Rodgers was selected in the first round of the 2005 NFL Draft. In that draft, Tampa had the most picks with a total of 12. The Packers had 11. The Bears and Lions each had 6 and the Vikings had 7. If you are the Bears' front office with only 6 picks, you might feel the need to address certain roster holes instead of spending a pick on an unsure lottery ticket. If you are the Packer front office, with 11 picks, you can afford to take whatever the draft gives you, firm in the knowledge that you can stack depth later on.
In the Thompson era, the Packers have had the most draft picks in a given year three times, in 2006, 2007, and 2013. They have made double-digit selections five times. The Bears have reached double-digits just once since 2005, with 12 picks in 2008. The Lions have reached double digits just once since 2005 with 10 picks in 2009. The Vikings on the other hand, seemed to have learned their lesson recently. From 2005-2010 they averaged 6.5 picks per draft. Since 2010, they average 9.8 picks per draft, falling under double digits just once.
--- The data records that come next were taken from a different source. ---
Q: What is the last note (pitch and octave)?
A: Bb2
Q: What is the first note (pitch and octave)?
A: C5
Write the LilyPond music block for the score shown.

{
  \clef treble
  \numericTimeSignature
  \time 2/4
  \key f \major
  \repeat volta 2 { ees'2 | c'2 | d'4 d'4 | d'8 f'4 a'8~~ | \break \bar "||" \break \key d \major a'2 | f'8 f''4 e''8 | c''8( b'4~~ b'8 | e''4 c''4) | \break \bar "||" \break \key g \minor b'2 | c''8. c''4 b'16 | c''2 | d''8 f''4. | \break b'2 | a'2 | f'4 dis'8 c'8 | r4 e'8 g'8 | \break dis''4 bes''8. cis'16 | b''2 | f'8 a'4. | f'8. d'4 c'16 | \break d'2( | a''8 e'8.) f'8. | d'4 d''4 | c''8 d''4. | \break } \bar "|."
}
Overall, the Packers still dominate their division rivals in sheer number of picks, even over the reformed Vikings. In the Thompson era they have made 104 selections, or 9.5 picks per draft, while the Bears, Lions, and Vikings have made 79 (7.2 picks per draft), 83 (7.5), and 88 (8.0) picks respectively. If a team had led the draft in selections every single season since 2005, that team would have made 130 picks, or 11.8 picks per draft. The difference between the Packers and that optimal team (26 picks) is essentially the same as the difference between the Packers and Bears (25 picks).
Not all picks are created equal, of course, but having them allows you to take a Brett Hundley or an Aaron Rodgers instead of needing to fix some other issue. Thompson's draft and develop strategy creates the freedom to take a chance on high leverage lottery tickets at the position. His (and Ron Wolf's) previous success allows the coaching staff the freedom to truly develop these projects behind the scenes, and their success in turn gives the front office the stability they need to make the most of their drafts.
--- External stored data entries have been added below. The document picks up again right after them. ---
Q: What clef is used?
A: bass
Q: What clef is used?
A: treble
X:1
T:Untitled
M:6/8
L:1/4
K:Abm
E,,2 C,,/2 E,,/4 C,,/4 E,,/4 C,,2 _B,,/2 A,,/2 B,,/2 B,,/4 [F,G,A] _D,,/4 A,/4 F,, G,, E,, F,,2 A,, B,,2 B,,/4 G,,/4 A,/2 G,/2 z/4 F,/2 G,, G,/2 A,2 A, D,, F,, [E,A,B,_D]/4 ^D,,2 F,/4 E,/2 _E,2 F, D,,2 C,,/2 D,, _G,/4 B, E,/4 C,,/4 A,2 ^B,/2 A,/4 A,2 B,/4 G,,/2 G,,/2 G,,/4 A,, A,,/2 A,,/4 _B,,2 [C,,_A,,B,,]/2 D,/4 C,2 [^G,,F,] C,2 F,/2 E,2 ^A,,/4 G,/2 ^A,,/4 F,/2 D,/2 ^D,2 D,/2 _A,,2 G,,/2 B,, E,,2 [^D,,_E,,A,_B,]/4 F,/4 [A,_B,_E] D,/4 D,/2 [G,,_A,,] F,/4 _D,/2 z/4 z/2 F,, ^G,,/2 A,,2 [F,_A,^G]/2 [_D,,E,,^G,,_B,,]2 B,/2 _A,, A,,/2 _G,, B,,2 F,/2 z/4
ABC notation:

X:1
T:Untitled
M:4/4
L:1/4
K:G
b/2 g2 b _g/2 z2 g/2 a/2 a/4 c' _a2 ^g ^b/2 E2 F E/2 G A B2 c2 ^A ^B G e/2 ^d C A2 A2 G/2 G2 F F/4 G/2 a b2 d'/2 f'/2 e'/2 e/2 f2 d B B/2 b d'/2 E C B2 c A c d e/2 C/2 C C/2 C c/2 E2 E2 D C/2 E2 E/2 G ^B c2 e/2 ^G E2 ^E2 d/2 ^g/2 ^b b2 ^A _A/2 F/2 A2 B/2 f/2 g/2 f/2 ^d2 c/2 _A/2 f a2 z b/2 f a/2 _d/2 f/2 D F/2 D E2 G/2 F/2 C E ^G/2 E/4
So yes, luck made Rodgers fall down the draft board, and a bunch of teams that could have benefited from having him passed on him, but if the 49ers, or Bears, or Dolphins, or etc., would have selected him, he probably would not have become the player he is. In many potential scenarios he would have played immediately, and in all other scenarios he would have entered an inferior development program. Furthermore, the Packers were able to pick him in large part because they had so many picks to work with. A different team, perhaps in need of a safety, would have reached at that spot for Brodney Pool out of Oklahoma (34th overall to Cleveland), or Josh Bullocks out of Nebraska (40th overall to New Orleans). Instead they took Rodgers at 24, and then used a 2nd-round pick acquired from New Orleans for Mike McKenzie to select Nick Collins.
Ted Thompson did not luck into Aaron Rodgers any more than he lucked into any other star player on the roster. Opportunity doesn't just show up and knock at the Green Bay front office. They send out a lot of invitations, and their house is filled with quarterback gurus.